From February 8, 2022, regulated companies must submit an annual environment information report of the last year to the MEE before March 15. This report must include information on carbon emissions for companies participating in carbon emission trading. This includes emission amount, emission allowance and payoff, and guidance or methods used to calculate GHG emissions. This is in addition to required information about pollution generation, environmental impact assessment reports, and emergency response plans that were previously required.  

Toxic substances and environmental management

EU and US laws require environmental information like toxic substance release and environmental management measures to be published in financial reports or ESG reports. The regulatory reform on ESG disclosure in China places similar obligations. In future, the disclosure of environmental information must be included in the public offering reporting for listed companies and the financial reports under securities and exchange regulations. This information will be shared across government agencies and through the Financial Credit Information Basic Database.  

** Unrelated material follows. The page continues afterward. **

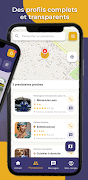 Presta screenshot 1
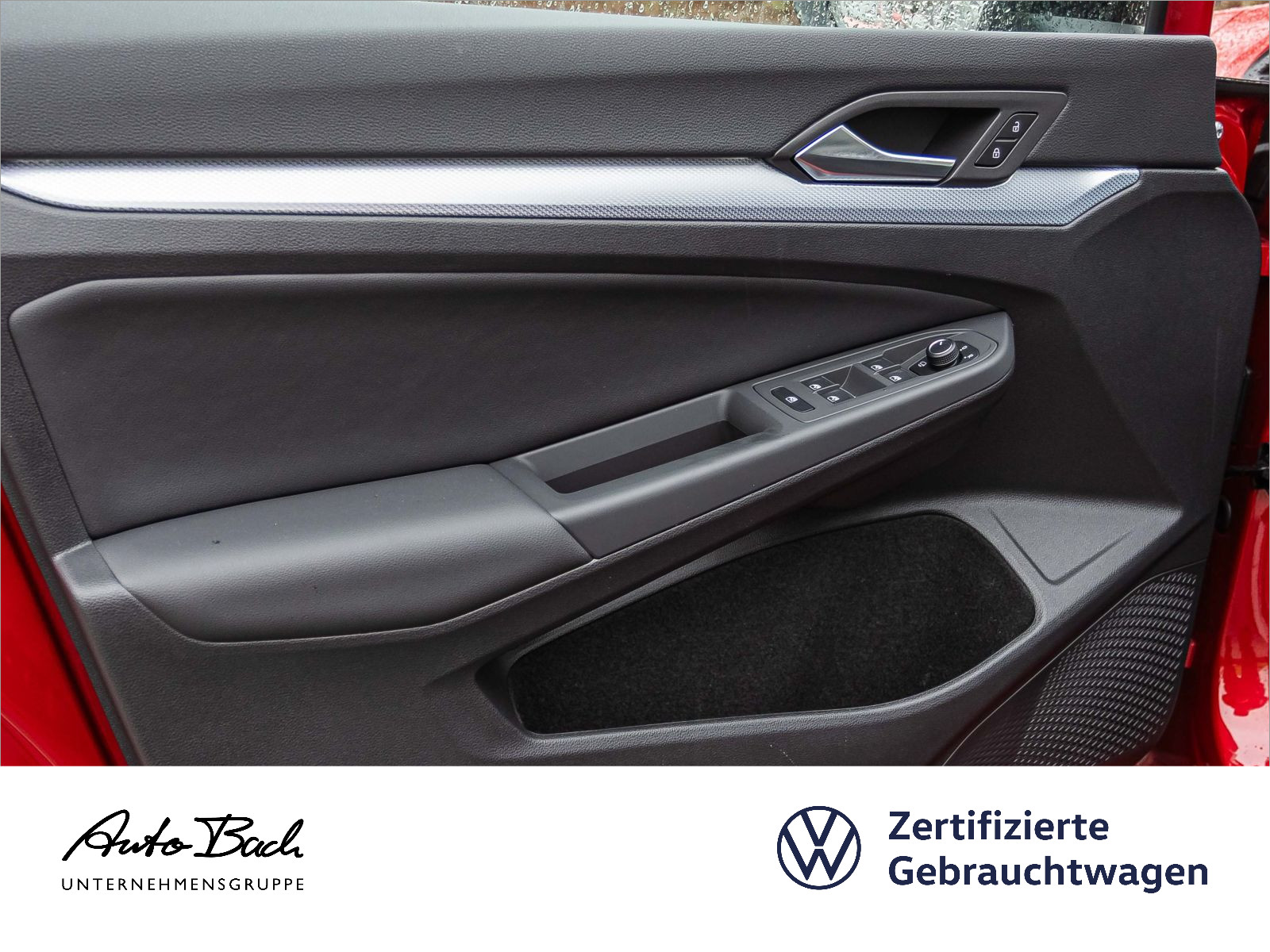 Volkswagen Golf VIII Goal1.5 eTSI DSG LED HuD ACC EPH DAB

What do these ESG disclosure developments mean for your business?

China’s solid ESG disclosure developments are major milestones among its still relatively limited and voluntarily implemented CSR requirements. Even if you’re not required to disclose this information yet, your company must be proactive. Achieving compliance alone is not enough.  

Preparing your CSR reports should be a substantial review process based on general principles and industry-specific needs—and supported by implementation action. It’s also important that you consider how to react to China’s double-carbon strategy and future energy transformation. This should start with ESG disclosures and develop into a sustainable plan as part of CSR and ESG implementation. Taking this action early could win you significantly more opportunities to qualify for government subsidies and related tax benefits for green production and energy transformation.